Похоже, это мнение разделяется Институтом истории Академии наук Республики Узбекистан, где убеждены в том, что “древнейшие тюрки” жили в Средней Азии еще до “индоарийского завоевания”[45]. Сегодня такие идеи иной раз включаются даже в школьные учебники. Так, в пособии для учителей саки и массагеты представлены предками узбеков. Там же повествуется об их героической борьбе с персами и Александром Македонским, что заставляет вспомнить упомянутую выше книгу Эрматова. Религия “Авесты” там тоже приписывается “нашим предкам”[46]. В учебнике для 7 класса к предкам узбекского народа причисляются как местные восточноиранские группы, включая саков и массагетов, так и пришлые тюрки, но сложение узбекского народа датируется IX — началом XII века[47].
Борьба между арийским мифом и пантюркизмом
Таким образом, в рассмотренной выше деятельности участвуют не только дилетанты, но и профессионалы (историки, археологи, этнологи, филологи). Очевидно, острота споров определялась не только внутринаучными соображениями, и для понимания сути рассматриваемого дискурса нам следует выйти далеко за пределы как тюркского мира, так и “чистой науки”.

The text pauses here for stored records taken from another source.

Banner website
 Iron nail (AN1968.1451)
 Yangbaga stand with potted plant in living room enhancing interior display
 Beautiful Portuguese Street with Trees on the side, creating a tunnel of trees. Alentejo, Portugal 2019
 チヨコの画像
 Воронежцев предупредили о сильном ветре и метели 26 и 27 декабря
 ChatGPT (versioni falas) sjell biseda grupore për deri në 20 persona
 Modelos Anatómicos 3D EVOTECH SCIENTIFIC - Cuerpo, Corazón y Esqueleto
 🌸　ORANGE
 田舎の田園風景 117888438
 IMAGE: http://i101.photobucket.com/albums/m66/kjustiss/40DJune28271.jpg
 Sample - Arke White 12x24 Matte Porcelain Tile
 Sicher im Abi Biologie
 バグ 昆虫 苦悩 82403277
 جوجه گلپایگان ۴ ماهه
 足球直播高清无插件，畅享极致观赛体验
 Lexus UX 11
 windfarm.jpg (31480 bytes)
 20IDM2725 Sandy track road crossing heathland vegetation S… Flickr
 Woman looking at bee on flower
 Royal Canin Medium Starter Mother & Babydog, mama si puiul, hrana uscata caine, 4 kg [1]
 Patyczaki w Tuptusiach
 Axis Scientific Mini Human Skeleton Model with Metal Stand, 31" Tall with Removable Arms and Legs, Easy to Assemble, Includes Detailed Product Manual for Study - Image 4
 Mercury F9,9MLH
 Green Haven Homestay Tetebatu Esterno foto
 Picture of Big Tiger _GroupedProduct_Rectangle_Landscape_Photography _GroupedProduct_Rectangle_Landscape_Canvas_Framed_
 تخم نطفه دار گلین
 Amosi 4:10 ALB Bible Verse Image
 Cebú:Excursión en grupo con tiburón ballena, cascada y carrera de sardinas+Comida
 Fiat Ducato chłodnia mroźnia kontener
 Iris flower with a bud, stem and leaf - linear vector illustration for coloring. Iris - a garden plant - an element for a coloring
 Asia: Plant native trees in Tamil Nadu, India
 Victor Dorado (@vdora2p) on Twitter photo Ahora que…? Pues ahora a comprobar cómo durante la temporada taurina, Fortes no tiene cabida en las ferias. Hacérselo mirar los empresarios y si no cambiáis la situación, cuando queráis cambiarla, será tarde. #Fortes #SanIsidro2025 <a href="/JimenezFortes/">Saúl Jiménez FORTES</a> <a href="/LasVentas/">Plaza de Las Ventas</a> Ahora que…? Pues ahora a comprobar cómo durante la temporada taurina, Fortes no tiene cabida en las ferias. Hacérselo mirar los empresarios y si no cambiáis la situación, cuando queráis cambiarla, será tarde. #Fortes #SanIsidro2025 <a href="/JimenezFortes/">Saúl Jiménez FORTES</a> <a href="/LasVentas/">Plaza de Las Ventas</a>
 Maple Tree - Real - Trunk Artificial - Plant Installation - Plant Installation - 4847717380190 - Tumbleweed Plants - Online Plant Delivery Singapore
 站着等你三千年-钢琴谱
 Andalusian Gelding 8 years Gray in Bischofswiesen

Совершенно очевидно, что апелляция к “арийским предкам” нужна была тюркской политической элите по ряду причин. Во-первых, это подкрепляло статус “коренного народа” научными аргументами. Такой статус был исключительно важен, ибо с советских времен он прочно связывал этничность с территорией, давал право на территориально-политическую автономию и позволял считаться “титульным народом”. Однако бывшим кочевникам, предки которых веками участвовали в самых разнообразных миграциях, гораздо труднее, чем оседлым народам, закрепить за собой право на территорию со ссылкой на глубокие исторические корни. Оставалась одна надежда — обнаружить своих предков среди древнейших обитателей евразийских степей. Но ученые издавна связывают этот пласт с индоевропейцами, которых одно время называли также “арийцами”. Доказательства сводятся к массе гипотетических суждений, основанных на косвенных свидетельствах, ретроспективных построениях и определенных допущениях. И хотя сегодня такая гипотеза опирается на сильную традицию и представляется наиболее весомой, она все же остается гипотезой, и ее отдельные моменты вызывают споры даже у ее сторонников. Поэтому почему бы не допустить, что среди древнейшего кочевого или полукочевого населения встречались какие-то тюркоязычные группы? Доказать это невозможно, но ведь невозможно и опровергнуть. Кроме того, хорошо известно, что начиная с раннего Средневековья происходила широкая тюркизация ираноязычных кочевников, то есть бывшие иранцы массами вливались в тюркский мир. Поэтому у современных тюрков имеются все основания утверждать, что среди их древних предков были и “арийцы” (то есть носители древних иранских языков).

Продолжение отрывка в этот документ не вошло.